Une larme dégringolait de ses yeux, s’en allait vers le cassis, dans son verre, sous son nez.

«Oui, c’était un rude malheur, appuyait la Préteux, d’avoir perdu une femme pareille. Oh! elle se la rappelait, elle l’avait bien connue!... Seulement, quoi dire à cela? C’était comme son mari, à elle... on ne pouvait pas ressusciter les morts. Il fallait se faire une raison et ne pas se manger les sangs, surtout quand on avait de la monnaie...»

Mais le vieux n’était pas consolable. Il recommençait à gémir avec les mêmes mots, les mêmes phrases.

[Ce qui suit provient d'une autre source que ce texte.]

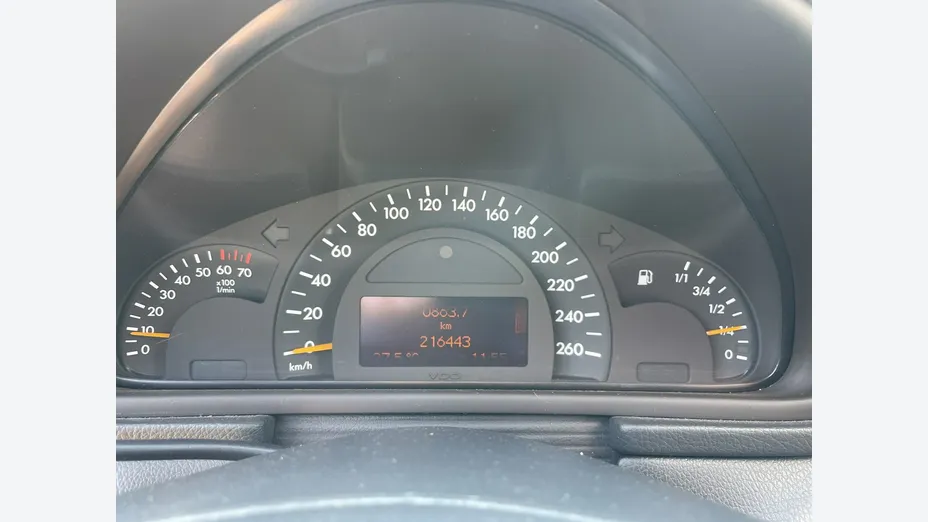 MERCEDES-BENZ C Klasa -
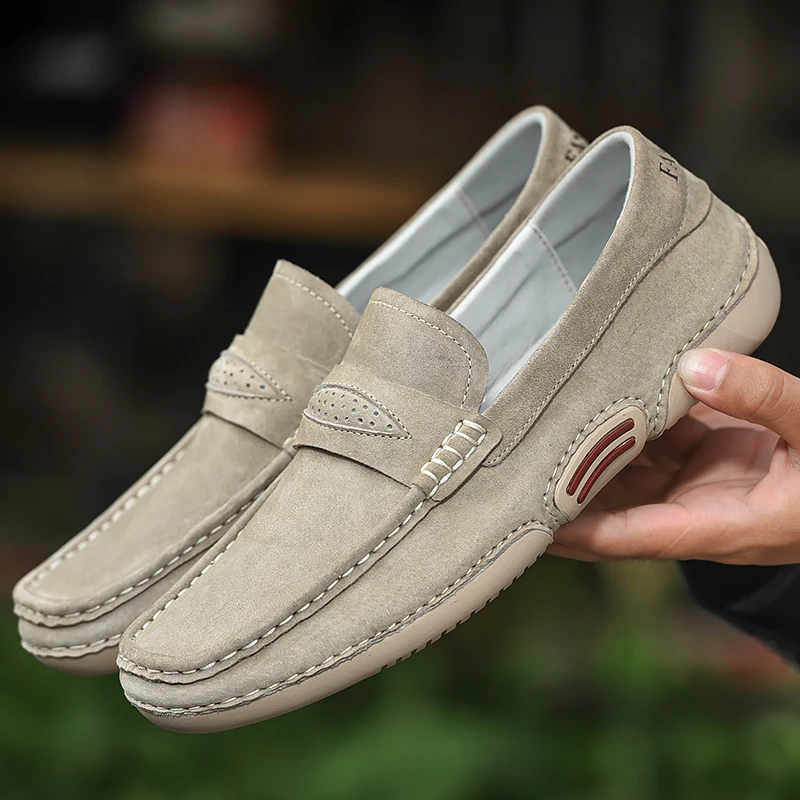 

High End New Spring Autumn Men Casual Loafers Soft Sole Matte Lightweight Easy To Sew By Hand Fashionable Driving Hiking Shoes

--Ah! quand on a perdu sa compagnie!...

C’était le commencement et la fin de toutes ses plaintes.

La nuit était venue qu’il les exhalait encore, et quand Golo, se décidant, prit congé, Cluet l’accompagna jusqu’au Chep, l’invita à venir manger avec lui, et, sur son refus, tenace, l’obligea à accepter pour le lendemain matin.

Ils se quittèrent très bons amis, le vieillard enchanté d’avoir trouvé une âme compatissante à ses misères, quelqu’un devant qui il pût pleurer et geindre à son aise, Golo troublé instinctivement par la lamentable histoire de cette existence en déroute. Une sympathie venait au jeune homme pour cette «vieille bête», comme on disait à Villebard, une sympathie où il entrait de la commisération pour lui-même. Cluet avait perdu sa défunte, et sa vie était terminée; lui, n’avait pas eu Cendrine, et sa vie aussi était finie: leur malheur, au fond, était pareil.

XIII

Dans le jardin du vieux, un jardin négligé dont l’herbe emplissait les allées, ils se promenaient le long d’un mur en ruine où les dernières guêpes achevaient d’évider les grains des raisins trop mûrs. Ils avaient allumé leurs pipes et, tournés au sentiment par la chaleur des vins, ils recommençaient à se raconter leur histoire, chacun écoutant l’autre avec distraction, absorbé par l’unique souci de son propre chagrin.